Source data:
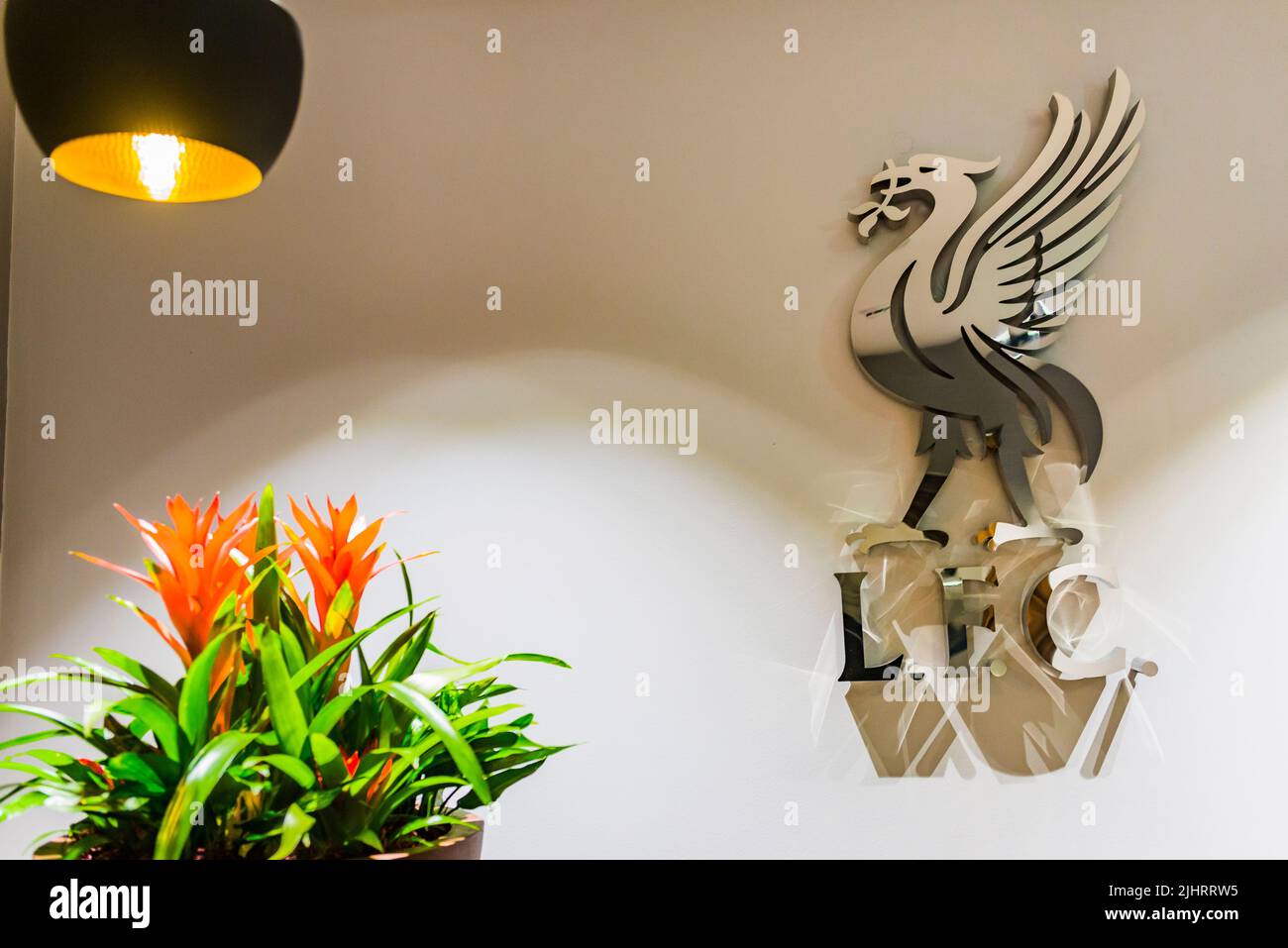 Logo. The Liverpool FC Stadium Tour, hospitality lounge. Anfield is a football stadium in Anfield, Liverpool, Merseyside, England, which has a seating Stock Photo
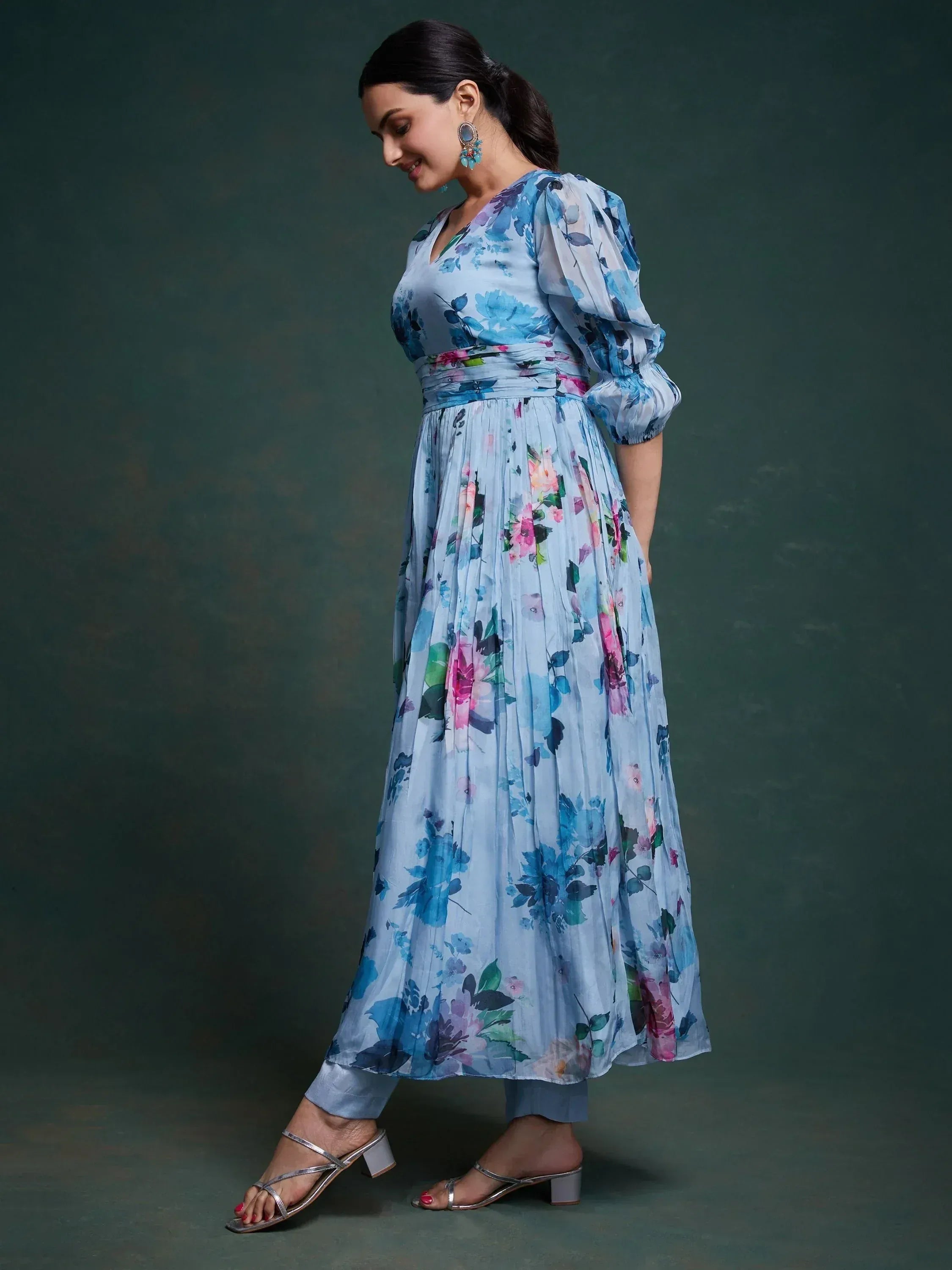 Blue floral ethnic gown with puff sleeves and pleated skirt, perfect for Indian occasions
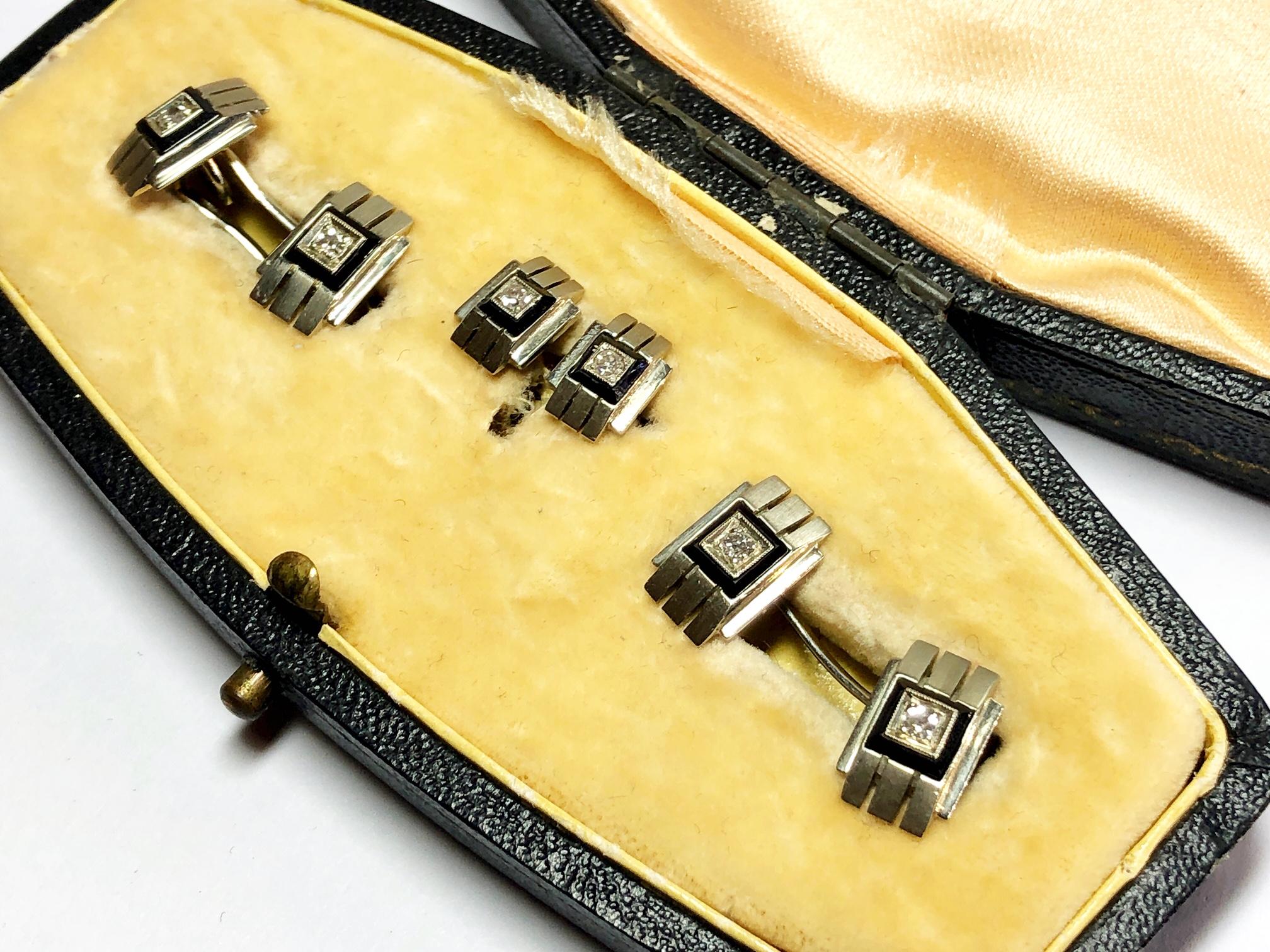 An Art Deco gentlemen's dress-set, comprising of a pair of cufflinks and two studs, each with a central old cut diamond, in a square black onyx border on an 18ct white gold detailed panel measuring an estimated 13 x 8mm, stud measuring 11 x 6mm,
==
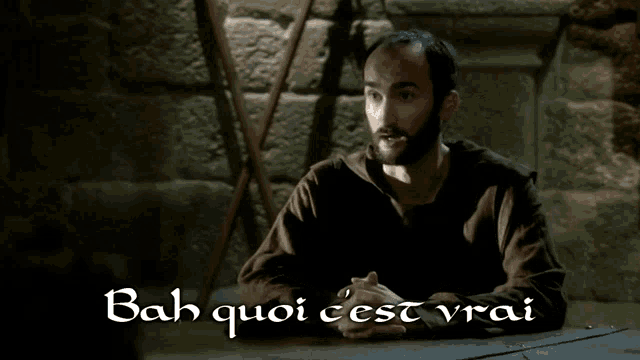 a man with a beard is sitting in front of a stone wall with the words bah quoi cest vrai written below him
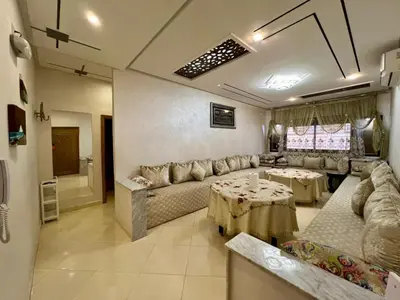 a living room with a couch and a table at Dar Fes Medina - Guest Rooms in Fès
--
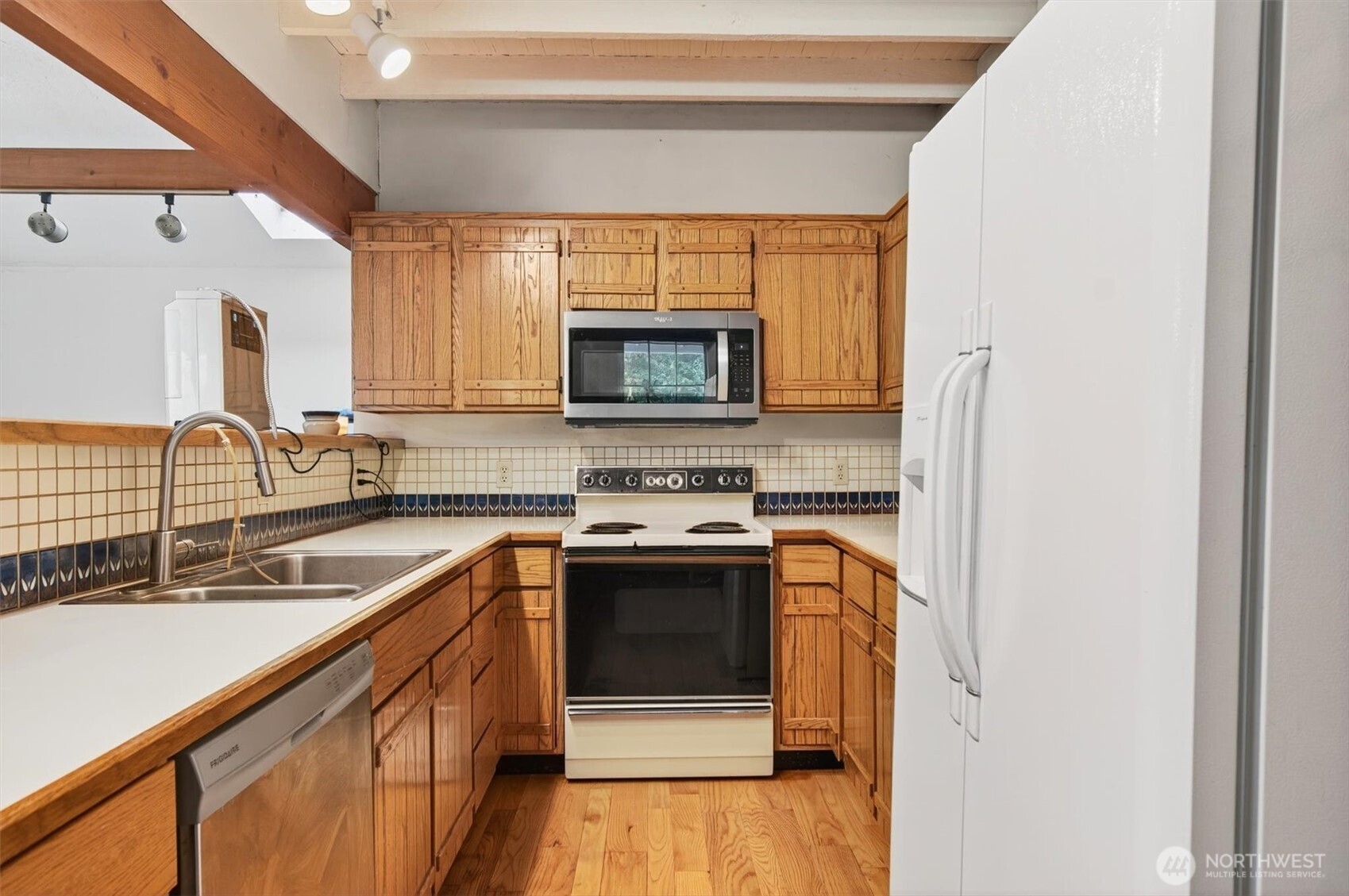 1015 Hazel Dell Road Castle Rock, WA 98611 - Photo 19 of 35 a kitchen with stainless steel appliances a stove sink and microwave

Exercise directions: Among the entries above, take the lines from the one with "Logo. The Liverpool" through the one with "An Art Deco" and retype them exactly, leaving out the pictures.

Answer section:
 Logo. The Liverpool FC Stadium Tour, hospitality lounge. Anfield is a football stadium in Anfield, Liverpool, Merseyside, England, which has a seating Stock Photo
 Blue floral ethnic gown with puff sleeves and pleated skirt, perfect for Indian occasions
 An Art Deco gentlemen's dress-set, comprising of a pair of cufflinks and two studs, each with a central old cut diamond, in a square black onyx border on an 18ct white gold detailed panel measuring an estimated 13 x 8mm, stud measuring 11 x 6mm,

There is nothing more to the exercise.